30 November - ‘make way poet, jaywalking’: Arun Kolatkar’s Irony and Postcolonial Humour
Department of English
Tapasya Narang, Maynooth University
30 November 2022, 3-4 pm
In specific Indian literary traditions, limit conditions are recurrently addressed by privileging wit and humour over helplessness and sorrow. Sussane Reichl and Mark Stein identify the significance of comedy in postcolonial literary traditions: ‘laughter is a central element, humor a key feature, disrespect a vital textual strategy of postcolonial practice’ (1). Laughter is an important tool in postcolonial contexts, but at the same time, postcolonial writers oppose the understanding of laughter as ‘a cultural attribute of a specific postcolonial space or a marker of inherent Otherness’ (Reichl and Stein 1).
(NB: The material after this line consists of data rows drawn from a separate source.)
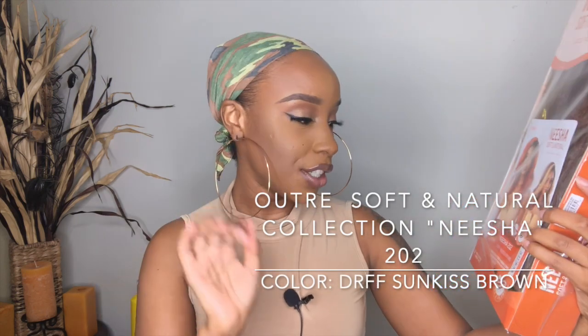There are different style numbers for each one. I have Nisha 202 and she is in the color DRFF Sun Kiss Brown. The specs of this unit: she is a pre-plucked swiss lace, a natural texture and volume unit so she has a lot of body. She is able to withstand heat up to 400 degrees and she is easy to wear.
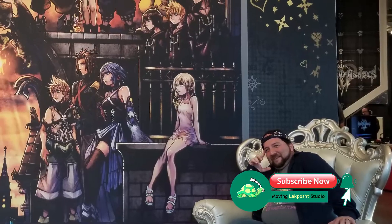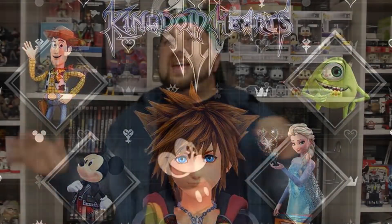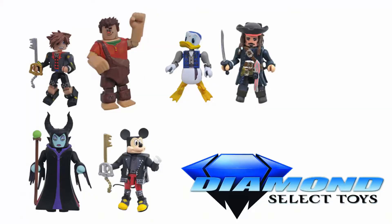Alright guys, what's going on? We got some cool things from Diamond Select. If you guys don't know, I'm like super into Kingdom Hearts. I'm really enjoying it. Recently the DLC came out and because of that I went ahead and started playing Kingdom Hearts 3 all over again. We thought this would be the perfect time to start reviewing some Kingdom Hearts figures. We got a lot behind me, and a big distributor for the Kingdom Hearts action figures is Diamond Select Toys.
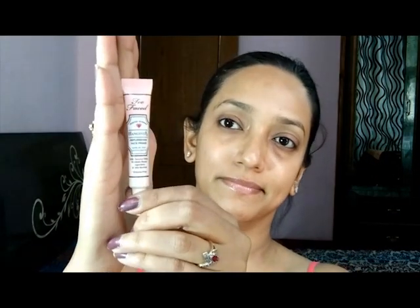So I'm first going to prime my face and I'm using Too Faced Rx Hangover Primer. I'm just priming my face — it is a very hydrating primer and I love using this primer.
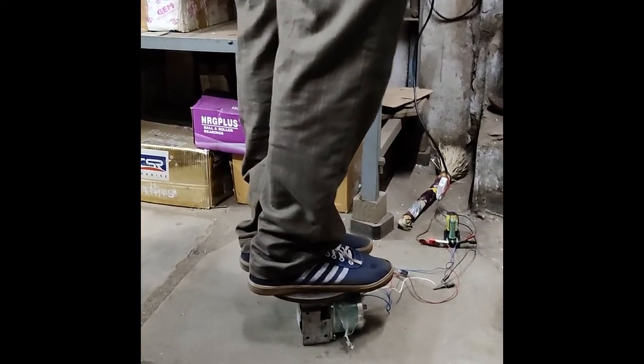First we try with a person with the weight of 65 kg. The motor can rotate him easily, and here you can see.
Instead of a ‘laughing back’ hypothesis based on Ashcroft, Griffiths and Tiffin’s The Empire Writes Back, where the postcolonial subjects register their disdain against the authority through laughter or Bakhtin’s understanding of humour as a force against official traditions, recent postcolonial studies focus on the conciliatory or intellectually stimulating intentions of humorous texts. Arun Kolatkar’s work presents a significant model of such productive and conciliatory irony as it goes beyond critiquing any particular social group and presents diversity in specific South Asian contexts.
The paper foregrounds the scathing and acerbic critique manifest in ironic and playful aspects of Kolatkar’s poetry. It shall highlight how he uses irony with a rather self-conscious critical edge to deflect limit conditions — such as regressive political ideologies, political violence, religious conflicts, neo-imperialism and late-capitalism. His ironic stance is extremely self-aware and foregrounds his subjective positions while addressing socio-historical phenomena. His ironic inversions are not monolithic but rather cognizant of competing ideologies that give birth to conflict, and he uses irony to persuasively delineate his vision.